German Pork Roast Recipe
German Pork Roast aka Schweinebraten is the quintessential Sunday dinner option for Germany and one of the most typical German foods you can get. Except that we eat it for lunch, not dinner. But you get my point.
I grew up in Germany and I can still smell the mouthwatering smells coming out of the kitchen, us kids naturally gravitating towards there as the smells became more and more intense. Finally, my mom would call my dad to carve the roast and that meant it was almost time to eat. Hurridly, we’d set the table and grab a drink and wait patiently at the table for lunch to be served. Platters of sliced pork would appear on the table, bowls full of red cabbage and noodles or potato dumplings covered almost every available surface of the table. Gravy boats held the most flavorful gravy made from scratch, just waiting to be poured over, bathing the meat and noodles and cabbage.
Naturally, making a typical German Pork Roast is one of my absolute comfort foods and I often make it, when I am just a tad homesick or if someone asks me to make a typical German dish for them.
So now I want to share one of my favorite German dishes with you. I hope you enjoy it as much as I do!
- 4 lbs pork neck or pork shoulder
- 1 medium onion - diced
- 2-3 carrots - diced
- 2-3 celery stalks - diced
- 6 cloves of garlic - chopped or pressed
- 1 small potato - finely diced
- 2 cups of mushrooms - quartered
- 2 tbsp tomato paste
- 1-3 cups of dry red wine
- 2 bay leaves
- Salt and Pepper to taste
- 7-8 stalks of Thyme
- 4 stalks of Oregano
- 1 stalk of Rosemary
- 5 leaves of Sage
- 2 tbsp Italian dried herbs
- Heat up a heavy duty pot over medium-high heat. When your pot is hot, add some oil and when it is nice and hot, add your pork loin to brown thoroughly on the outside. Be patient and let it get to a medium-dark brown on all sides, then add your chopped onions and turn down the heat a bit. Stir frequently, so the onions brown evenly.
- When your onions are nicely browned, stir in the garlic, tomato paste, potato, celery and carrots and let brown for 1-2 minutes, stirring constantly during this time. From putting the meat in the pot, adding the veggies to pouring in the wine, these two steps should take about 20-30 minutes.
- Then it's time for the magic. Add approximately one cup of red wine and scrape the bottom of the pan, to dissolve all the dark bits and pieces, laying the foundation for the gravy. Depending on how decadent you feel, you can add 1 cup of wine. Or 3. Drink the rest.

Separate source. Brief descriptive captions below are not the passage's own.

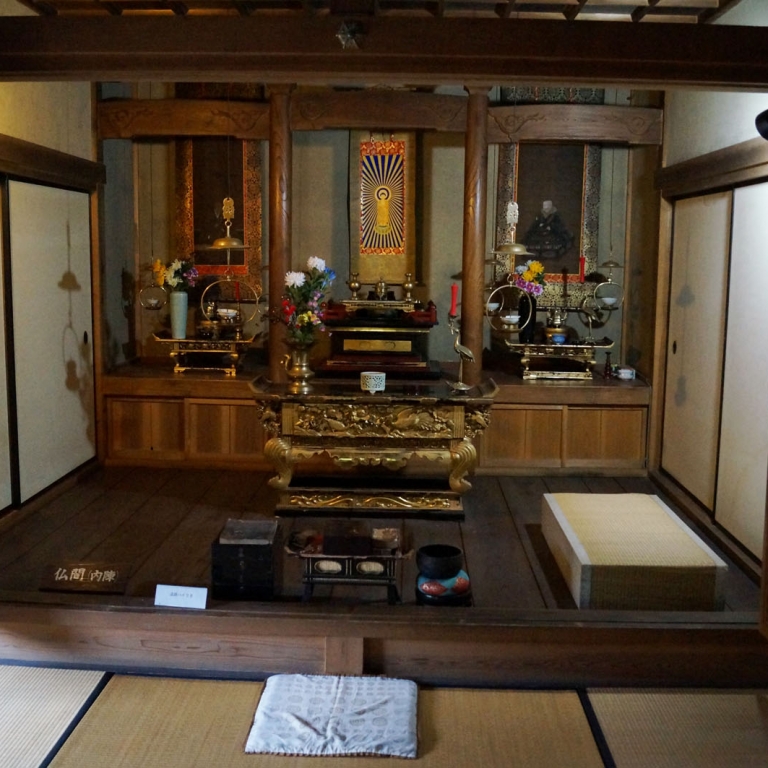 Буддистский алтарть в традицонном доме; Исикава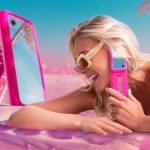 hmd barbie phone è ufficiale design retrò e colore power pink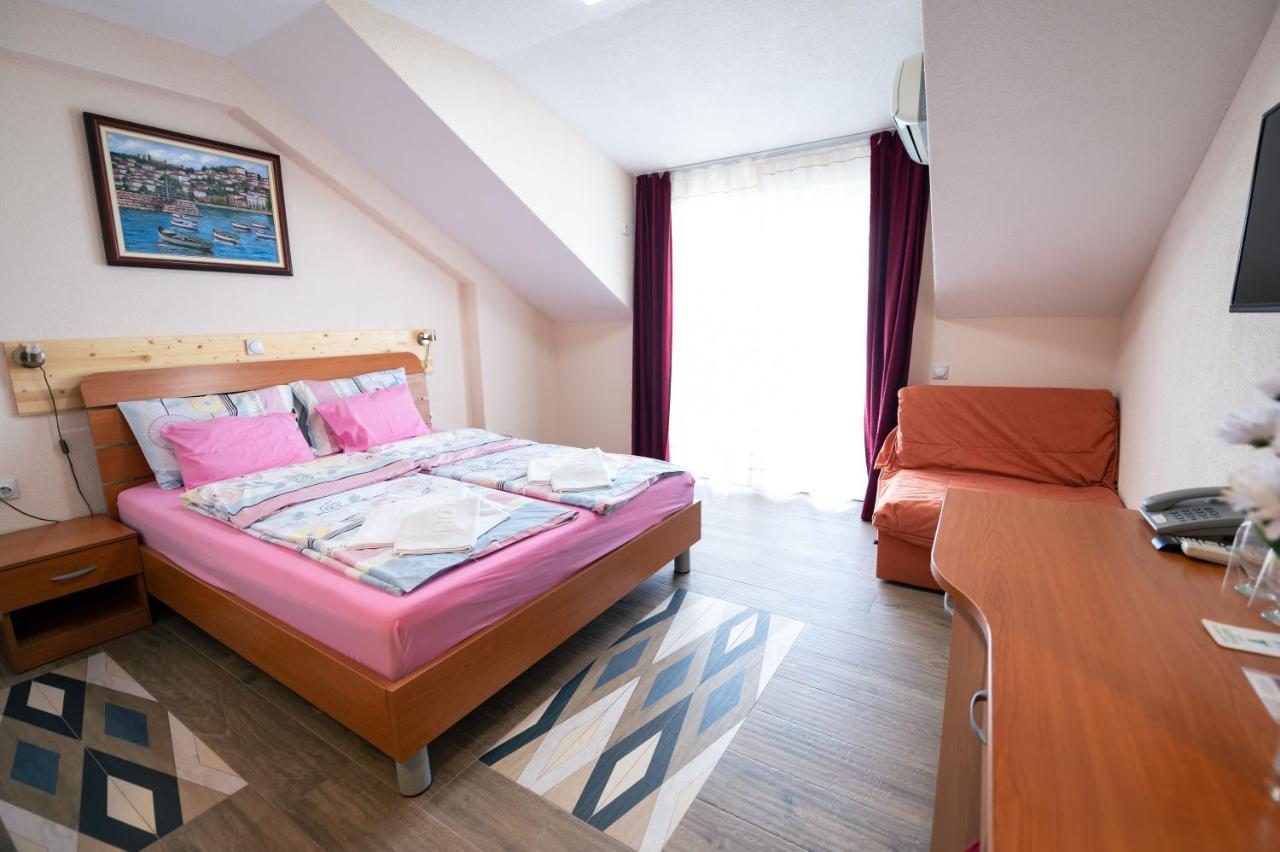 Hotel Holiday-M Ohrid Exterior photo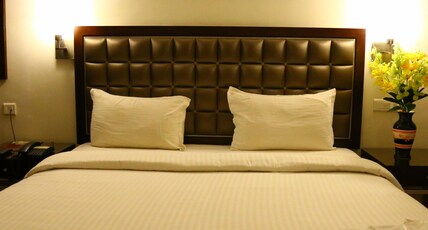 THE REGENCY HOTEL Room Type - Deluxe Room THE REGENCY HOTEL Room Type - Deluxe Room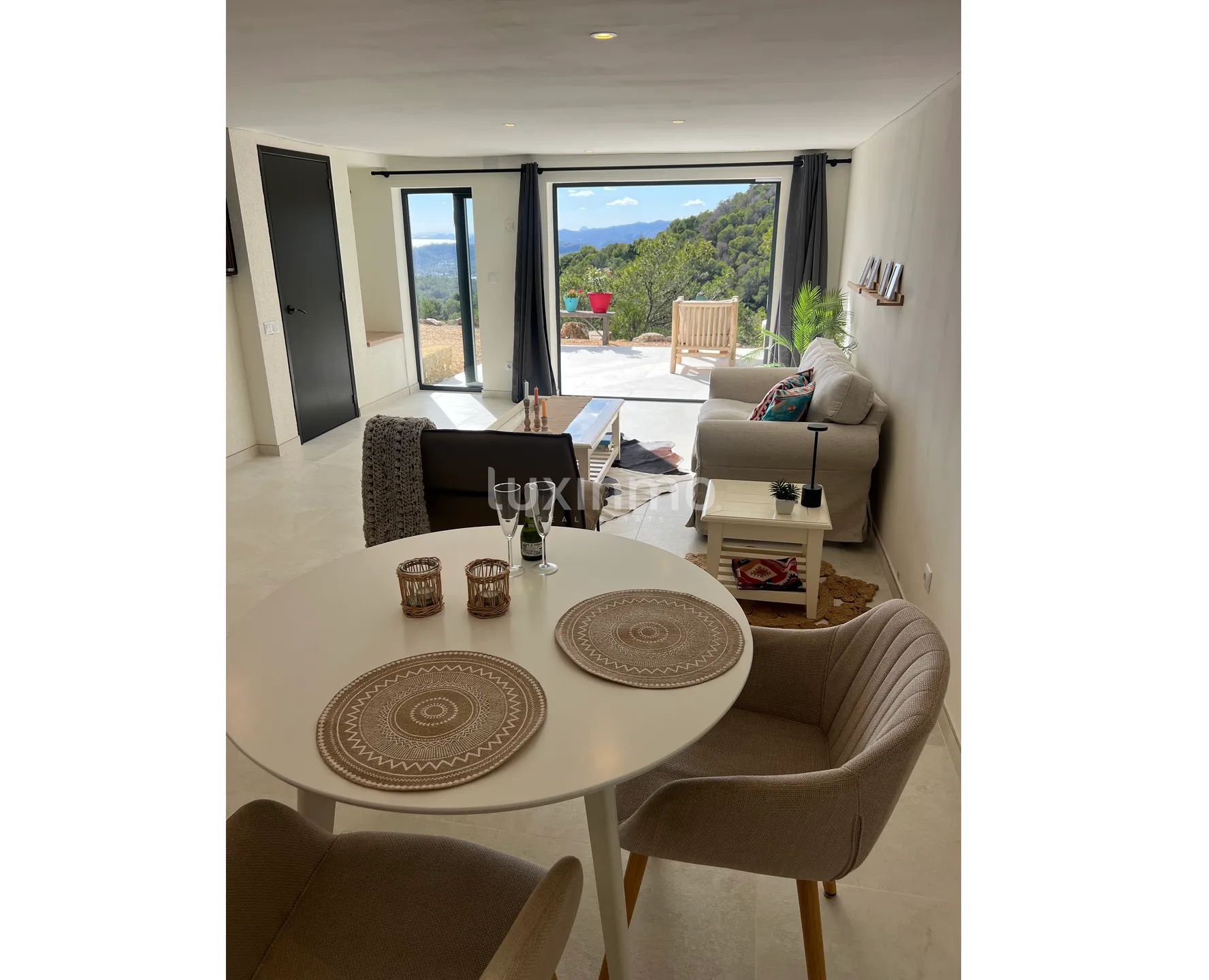 Romslig hus til salgs i Finestrat med panoramautsikt over havet og fjellene — photo 12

- After you add the wine and enjoy the beautiful aroma for a minute or two, you add your spices (salt and pepper to taste) and herbs. I like to tie my herbs into a little bundle. The French call it a bouquet garni. I call it an herb bundle. Anyways, I just tie the Rosemary, Thyme, Sage and Oregano together with some kitchen yarn and drop it in the pot together with 2 large bay leaves. It just makes it easier to fish out later, when you finish the gravy.
- Now it is time to add some more water, so it reaches about 1 inch below the highest point of the meat. Pop on the lid and either let it simmer on low or put it in the oven at 325 F until the center of your meat reaches 145F, approximately 2 hours. The exact cooking time will depend on how much meat you use and its shape. This is a pretty hands-off process, just check and stir every once in while.
- When your meat reaches its desired temperature, pull it out and let it rest, preferably covered with some aluminum foil to keep it warm. This will allow the juices to redistribute through the meat and keeps it from turning dry.
- While your meat rests, it is time to finish off the gravy. Fish out the bouquet garni and then pass the gravy though a fine strainer, smashing and pressing the soft vegetables through the fine netting with a ladle or large spoon. The "pureed" vegetables naturally thicken the gravy and give it a rustic and satisfying texture. Heat up the gravy in a saucepan and let it come to a boil. Depending on your preference of consistency, you can add a slurry of water and flour (wheat or potato flour, if you want to go Gluten free) to thicken it up or wait until it reduces naturally. If the gravy is too thick for your liking, just add a little bit of water. I like to leave some of the veggies whole and add them back into the gravy, as they look pretty and are very tasty mixed up with your gravy and noodles. Check your seasonings one more time, carve your meat and ladle on the goodness, making your meat and noodles swim in this rich and decadent sauce.
- German Pork Roast - Recommended Side Dishes
- As a side, I recommend red cabbage with apples and Potato dumplings or Spätzle, a typical German noodle with the German Pork Roast. I'll be posting recipes for those soon. In the meantime, and if you are in the US, you can find German Spätzle in some Grocery stores, like HEB or WorldMarket. If you can't get you hands on those, try to get some wide egg noodles, they would work beautifully too.